Ah, I see. We are loading both, whether or not they end up being used,
and barfing prematurely on errors. That seems like a bug.

> >> And what about your proposed change?
> >
> > Let me be clear that I sent you a "something like this" patch to try to
> > point you in the right direction. If it has a bug or is incomplete, that
> > does not mean the direction is wrong, but only that I did not spend very
> > much time on the patch.
> 
> It doesn't matter, the idea was to use user_ident_sufficiently_given().

Right. Which it sounds like now agree with me on?

> > I think that respecting the usual ident lookup but disallowing implicit
> > identities (either totally, or causing them to fallback to prompting) is
> > the right direction.  I agree my patch was not a complete solution. I'm
> > sorry if it led you astray in terms of implementation, but I also think
> > I've been very clear in my text about what the behavior should be.
> 
> I think that is orthogonal to what I'm trying accomplish.
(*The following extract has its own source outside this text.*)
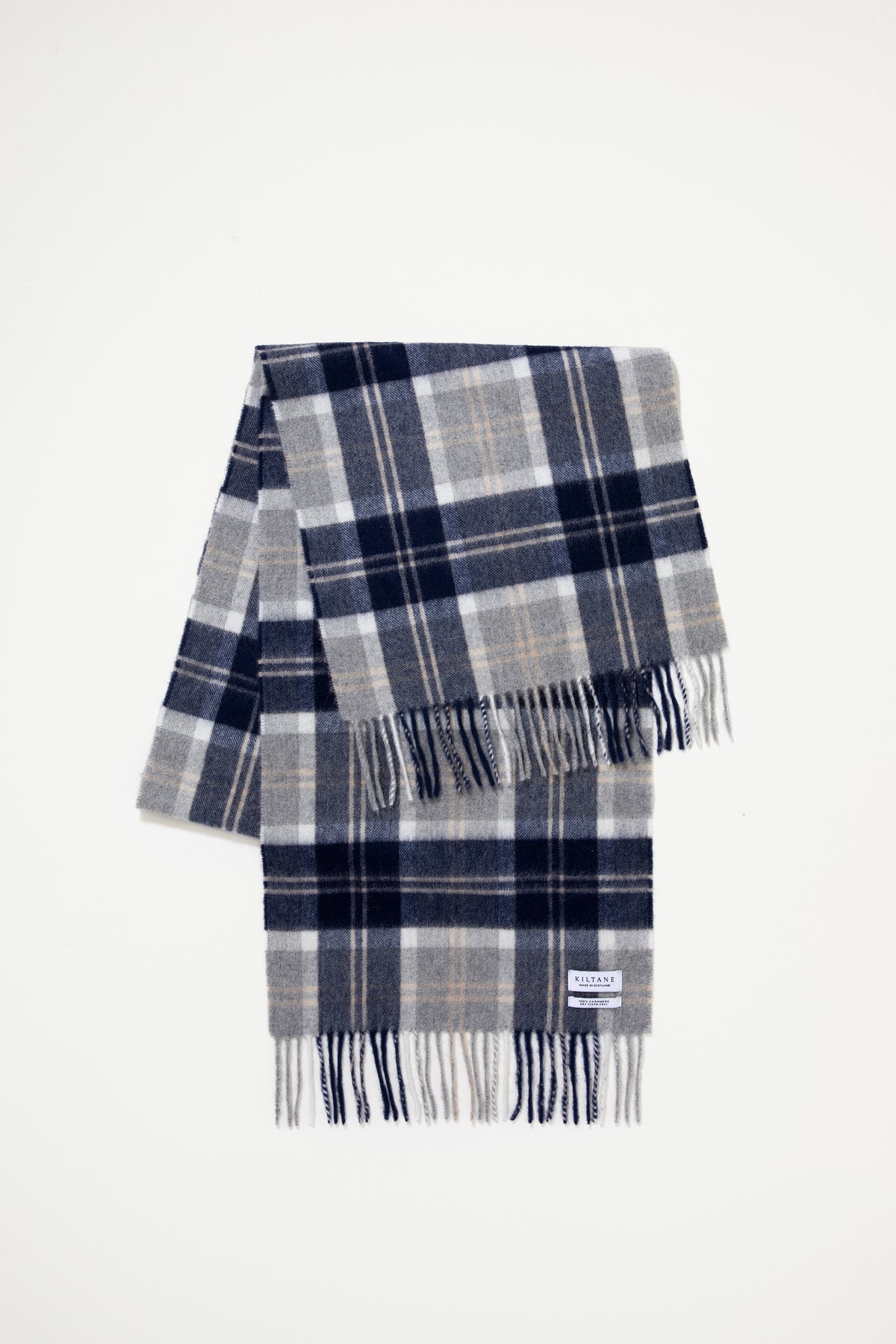 Heritage Cashmere Wide Scarf in Silver Bannockbane folded flat showing navy, grey, and white plaid pattern with fringed ends and Kiltane label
What is it you are trying to accomplish? Eliminating the prompt in some
cases, as in your original patch? Dealing with implicit identities may
be orthogonal to your goal, but your original patch is not sufficient,
as it reverses the precedence of config and environment variables.
So you can either:

  1. Reimplement the environment variable lookup that ident.c does,
     leaving implicit ident logic out completely.

  2. Modify ident.c and "git var" to let send-email reuse the logic in
     ident.c, but avoid dropping the prompt when an implicit ident is
     used.

Doing (2) sounds a lot more maintainable to me in the long run.

> > Don't get me wrong. I think the spirit of your patch is correct, and it
> > helps some git users. But it also hurts others. And it is not that hard
> > to do it right.
> 
> And I disagree, I think it hurts nobody, and I think it's hard to do it right.

I am tired of talking about this. The patch series below took me less
time to write than I have spent arguing with you. It was not that hard.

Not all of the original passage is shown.